### PROVIDED INFORMATION:
###

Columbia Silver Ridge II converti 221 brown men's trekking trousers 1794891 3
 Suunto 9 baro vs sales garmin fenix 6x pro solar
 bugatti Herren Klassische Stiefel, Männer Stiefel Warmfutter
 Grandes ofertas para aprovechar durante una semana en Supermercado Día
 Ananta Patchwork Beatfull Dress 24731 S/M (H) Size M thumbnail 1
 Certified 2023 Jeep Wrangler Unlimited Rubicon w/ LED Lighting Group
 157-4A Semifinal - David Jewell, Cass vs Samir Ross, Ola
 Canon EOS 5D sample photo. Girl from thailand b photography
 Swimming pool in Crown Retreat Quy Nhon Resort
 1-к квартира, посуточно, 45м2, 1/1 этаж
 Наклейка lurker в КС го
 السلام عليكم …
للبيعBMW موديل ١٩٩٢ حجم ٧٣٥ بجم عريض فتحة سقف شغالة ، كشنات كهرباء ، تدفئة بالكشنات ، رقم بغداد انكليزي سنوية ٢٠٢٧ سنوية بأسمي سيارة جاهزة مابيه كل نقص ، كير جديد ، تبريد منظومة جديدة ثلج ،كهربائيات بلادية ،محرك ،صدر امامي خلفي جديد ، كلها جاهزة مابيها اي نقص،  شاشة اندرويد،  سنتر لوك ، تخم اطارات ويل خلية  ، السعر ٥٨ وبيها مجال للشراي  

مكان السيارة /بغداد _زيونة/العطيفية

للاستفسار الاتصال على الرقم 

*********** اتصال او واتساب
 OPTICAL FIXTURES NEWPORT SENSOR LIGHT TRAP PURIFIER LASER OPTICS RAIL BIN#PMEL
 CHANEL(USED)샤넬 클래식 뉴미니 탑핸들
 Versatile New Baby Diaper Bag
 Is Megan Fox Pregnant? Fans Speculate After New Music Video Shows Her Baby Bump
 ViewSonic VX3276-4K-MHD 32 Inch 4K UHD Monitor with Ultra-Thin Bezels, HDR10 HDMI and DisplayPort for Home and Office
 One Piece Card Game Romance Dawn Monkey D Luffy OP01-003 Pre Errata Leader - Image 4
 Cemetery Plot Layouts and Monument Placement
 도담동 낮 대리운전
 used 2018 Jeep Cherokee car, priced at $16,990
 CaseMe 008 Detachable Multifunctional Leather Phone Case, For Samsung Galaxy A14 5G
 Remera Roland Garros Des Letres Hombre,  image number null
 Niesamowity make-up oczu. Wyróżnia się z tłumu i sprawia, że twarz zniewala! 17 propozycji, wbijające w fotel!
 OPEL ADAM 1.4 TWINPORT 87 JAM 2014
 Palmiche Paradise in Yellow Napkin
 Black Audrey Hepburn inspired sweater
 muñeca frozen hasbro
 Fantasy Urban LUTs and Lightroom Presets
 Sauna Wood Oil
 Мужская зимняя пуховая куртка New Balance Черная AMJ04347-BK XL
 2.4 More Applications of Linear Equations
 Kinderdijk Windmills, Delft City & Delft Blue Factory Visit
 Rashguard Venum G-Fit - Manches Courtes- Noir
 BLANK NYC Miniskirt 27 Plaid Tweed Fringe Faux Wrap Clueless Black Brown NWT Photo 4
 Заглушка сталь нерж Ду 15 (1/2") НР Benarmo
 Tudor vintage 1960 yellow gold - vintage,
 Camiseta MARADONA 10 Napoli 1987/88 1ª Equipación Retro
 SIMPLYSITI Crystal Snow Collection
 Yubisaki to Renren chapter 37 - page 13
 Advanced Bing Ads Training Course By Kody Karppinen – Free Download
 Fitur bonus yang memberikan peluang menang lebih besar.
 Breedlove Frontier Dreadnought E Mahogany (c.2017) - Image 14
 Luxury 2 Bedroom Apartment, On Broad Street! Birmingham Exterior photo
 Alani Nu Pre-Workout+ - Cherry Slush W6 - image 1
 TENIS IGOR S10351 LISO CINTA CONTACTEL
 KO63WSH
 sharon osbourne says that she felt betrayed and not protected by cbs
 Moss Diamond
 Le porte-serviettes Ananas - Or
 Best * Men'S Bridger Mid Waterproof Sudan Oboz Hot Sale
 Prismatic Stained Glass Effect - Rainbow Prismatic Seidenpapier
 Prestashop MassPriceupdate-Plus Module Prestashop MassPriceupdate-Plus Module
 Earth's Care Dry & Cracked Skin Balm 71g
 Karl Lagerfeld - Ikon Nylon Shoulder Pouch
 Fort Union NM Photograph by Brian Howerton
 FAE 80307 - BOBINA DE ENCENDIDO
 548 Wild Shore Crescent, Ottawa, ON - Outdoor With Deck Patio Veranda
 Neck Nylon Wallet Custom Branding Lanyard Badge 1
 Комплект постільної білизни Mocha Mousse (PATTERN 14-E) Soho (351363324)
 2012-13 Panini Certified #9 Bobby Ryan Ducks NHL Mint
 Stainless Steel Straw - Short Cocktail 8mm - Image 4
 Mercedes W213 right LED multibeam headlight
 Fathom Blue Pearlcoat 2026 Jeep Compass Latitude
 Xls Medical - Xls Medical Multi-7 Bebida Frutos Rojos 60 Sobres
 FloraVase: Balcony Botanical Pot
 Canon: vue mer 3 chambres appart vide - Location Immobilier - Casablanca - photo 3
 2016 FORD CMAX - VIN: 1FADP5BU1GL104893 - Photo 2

###

### WHAT THE TASK ASKS:
Your task is to retype the complete material exactly as it was given.

### SOLVED PROBLEM:
Columbia Silver Ridge II converti 221 brown men's trekking trousers 1794891 3
 Suunto 9 baro vs sales garmin fenix 6x pro solar
 bugatti Herren Klassische Stiefel, Männer Stiefel Warmfutter
 Grandes ofertas para aprovechar durante una semana en Supermercado Día
 Ananta Patchwork Beatfull Dress 24731 S/M (H) Size M thumbnail 1
 Certified 2023 Jeep Wrangler Unlimited Rubicon w/ LED Lighting Group
 157-4A Semifinal - David Jewell, Cass vs Samir Ross, Ola
 Canon EOS 5D sample photo. Girl from thailand b photography
 Swimming pool in Crown Retreat Quy Nhon Resort
 1-к квартира, посуточно, 45м2, 1/1 этаж
 Наклейка lurker в КС го
 السلام عليكم …
للبيعBMW موديل ١٩٩٢ حجم ٧٣٥ بجم عريض فتحة سقف شغالة ، كشنات كهرباء ، تدفئة بالكشنات ، رقم بغداد انكليزي سنوية ٢٠٢٧ سنوية بأسمي سيارة جاهزة مابيه كل نقص ، كير جديد ، تبريد منظومة جديدة ثلج ،كهربائيات بلادية ،محرك ،صدر امامي خلفي جديد ، كلها جاهزة مابيها اي نقص،  شاشة اندرويد،  سنتر لوك ، تخم اطارات ويل خلية  ، السعر ٥٨ وبيها مجال للشراي  

مكان السيارة /بغداد _زيونة/العطيفية

للاستفسار الاتصال على الرقم 

*********** اتصال او واتساب
 OPTICAL FIXTURES NEWPORT SENSOR LIGHT TRAP PURIFIER LASER OPTICS RAIL BIN#PMEL
 CHANEL(USED)샤넬 클래식 뉴미니 탑핸들
 Versatile New Baby Diaper Bag
 Is Megan Fox Pregnant? Fans Speculate After New Music Video Shows Her Baby Bump
 ViewSonic VX3276-4K-MHD 32 Inch 4K UHD Monitor with Ultra-Thin Bezels, HDR10 HDMI and DisplayPort for Home and Office
 One Piece Card Game Romance Dawn Monkey D Luffy OP01-003 Pre Errata Leader - Image 4
 Cemetery Plot Layouts and Monument Placement
 도담동 낮 대리운전
 used 2018 Jeep Cherokee car, priced at $16,990
 CaseMe 008 Detachable Multifunctional Leather Phone Case, For Samsung Galaxy A14 5G
 Remera Roland Garros Des Letres Hombre,  image number null
 Niesamowity make-up oczu. Wyróżnia się z tłumu i sprawia, że twarz zniewala! 17 propozycji, wbijające w fotel!
 OPEL ADAM 1.4 TWINPORT 87 JAM 2014
 Palmiche Paradise in Yellow Napkin
 Black Audrey Hepburn inspired sweater
 muñeca frozen hasbro
 Fantasy Urban LUTs and Lightroom Presets
 Sauna Wood Oil
 Мужская зимняя пуховая куртка New Balance Черная AMJ04347-BK XL
 2.4 More Applications of Linear Equations
 Kinderdijk Windmills, Delft City & Delft Blue Factory Visit
 Rashguard Venum G-Fit - Manches Courtes- Noir
 BLANK NYC Miniskirt 27 Plaid Tweed Fringe Faux Wrap Clueless Black Brown NWT Photo 4
 Заглушка сталь нерж Ду 15 (1/2") НР Benarmo
 Tudor vintage 1960 yellow gold - vintage,
 Camiseta MARADONA 10 Napoli 1987/88 1ª Equipación Retro
 SIMPLYSITI Crystal Snow Collection
 Yubisaki to Renren chapter 37 - page 13
 Advanced Bing Ads Training Course By Kody Karppinen – Free Download
 Fitur bonus yang memberikan peluang menang lebih besar.
 Breedlove Frontier Dreadnought E Mahogany (c.2017) - Image 14
 Luxury 2 Bedroom Apartment, On Broad Street! Birmingham Exterior photo
 Alani Nu Pre-Workout+ - Cherry Slush W6 - image 1
 TENIS IGOR S10351 LISO CINTA CONTACTEL
 KO63WSH
 sharon osbourne says that she felt betrayed and not protected by cbs
 Moss Diamond
 Le porte-serviettes Ananas - Or
 Best * Men'S Bridger Mid Waterproof Sudan Oboz Hot Sale
 Prismatic Stained Glass Effect - Rainbow Prismatic Seidenpapier
 Prestashop MassPriceupdate-Plus Module Prestashop MassPriceupdate-Plus Module
 Earth's Care Dry & Cracked Skin Balm 71g
 Karl Lagerfeld - Ikon Nylon Shoulder Pouch
 Fort Union NM Photograph by Brian Howerton
 FAE 80307 - BOBINA DE ENCENDIDO
 548 Wild Shore Crescent, Ottawa, ON - Outdoor With Deck Patio Veranda
 Neck Nylon Wallet Custom Branding Lanyard Badge 1
 Комплект постільної білизни Mocha Mousse (PATTERN 14-E) Soho (351363324)
 2012-13 Panini Certified #9 Bobby Ryan Ducks NHL Mint
 Stainless Steel Straw - Short Cocktail 8mm - Image 4
 Mercedes W213 right LED multibeam headlight
 Fathom Blue Pearlcoat 2026 Jeep Compass Latitude
 Xls Medical - Xls Medical Multi-7 Bebida Frutos Rojos 60 Sobres
 FloraVase: Balcony Botanical Pot
 Canon: vue mer 3 chambres appart vide - Location Immobilier - Casablanca - photo 3
 2016 FORD CMAX - VIN: 1FADP5BU1GL104893 - Photo 2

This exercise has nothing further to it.